If the business is seeking investors and the company needs to establish the need for NCNDA agreements, the provisions for those investors should be clearly stated in the NCNDA agreement. For instance, if the business needs to disclose confidential information to an investor without executing an NCNDA agreement, the NCNDA agreement should include requirements for how the information should be distributed and whether the investor must agree to the terms of the NCNDA agreement.
When drafting an NCNDA agreement, it is necessary to contemplate every scenario possible that could result in disclosure of confidential information. The NCNDA agreement should be broad enough, yet specific enough to cover all of the company’s needs that will result in the use and disclosure of the confidential information.

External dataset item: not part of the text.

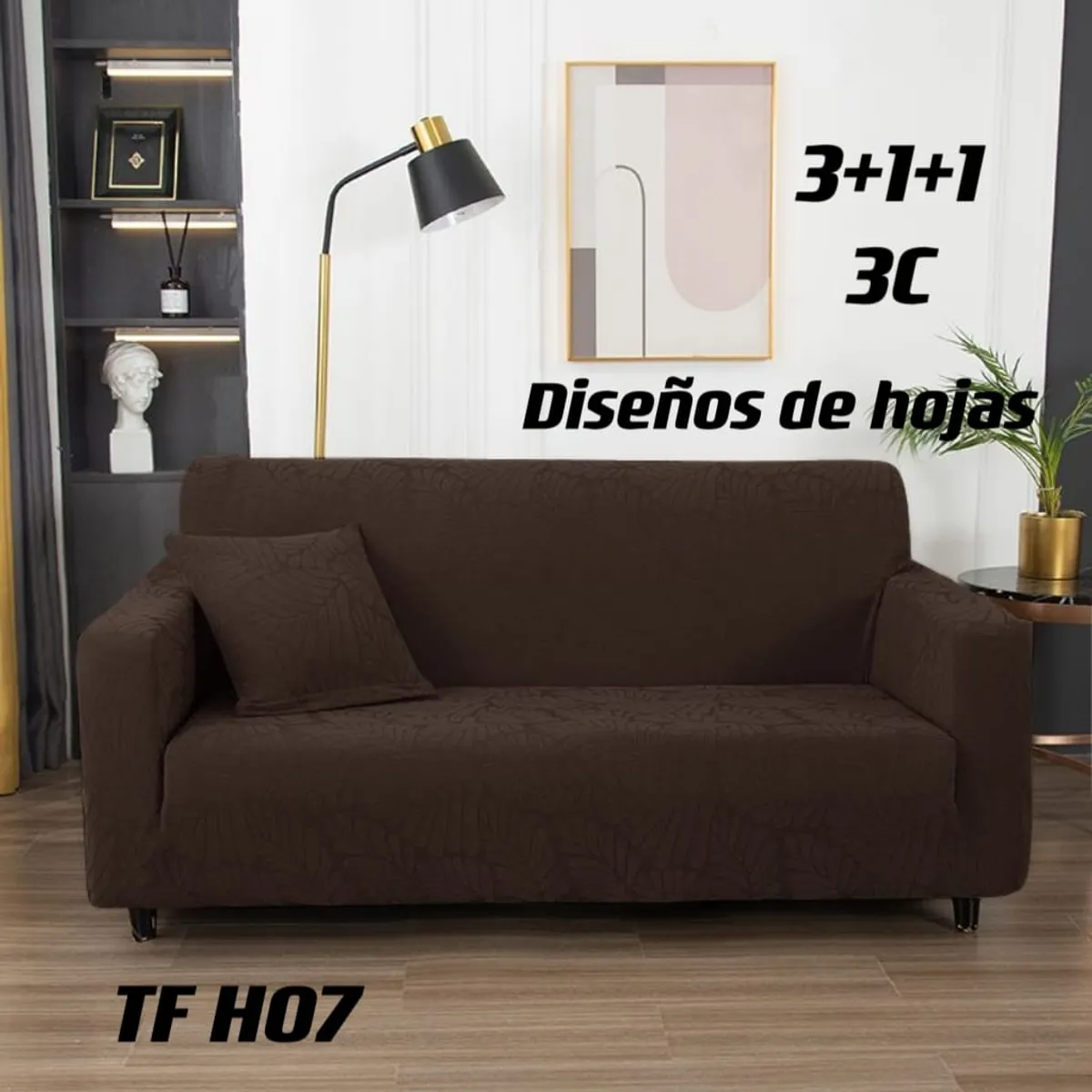 GENERICO - Set de Fundas de Sillones 3+1+1 Cpo Poliéster Textura Cafe TFH07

Validity of NCNDA Agreements

Determining whether an NCNDA agreement is legally enforceable depends on a number of factors, such as the following: Based on consistent case law, courts will generally require the plaintiff to present evidence establishing that the parties were in actual discussion of the possibility of entering into an agreement when the defendant allegedly learned the plaintiff’s "confidential" information. If there was no discussion of any agreement at all, the defendant cannot be bound by a nondisclosure obligation. However, whether the disclosure of confidential information gives rise to an enforceable obligation in the absence of a nondisclosure agreement is a matter of continuing dispute among the state and federal courts. Their views differ on whether there is a duty not to disclose the information if it is wrongfully acquired and under which circumstances the obligation not to use and disclose a trade secret arises. California, for example , provides an explicit common law remedy for the wrongful acquisition or disclosure of another’s trade secrets. In addition to any express agreement, California has adopted the approach that oral disclosure when a confidence exists is actionable even in the absence of a formal nondisclosure agreement, absent consideration. Florida courts are more closely aligned with the Restatement approach and require evidence of a confidential relationship (such as employment or mutual agreement) in order to prevail on a trade secrets claim. In the absence of an express or implied confidentiality agreement, the relationship between the parties may provide a basis for protection of the trade secret. A break in the chain of custody, use by a third party or disclosure to a governmental agency that does not enter into an express confidentiality agreement may also abrogate both the duty not to disclose and the obligation to keep a trade secret confidential.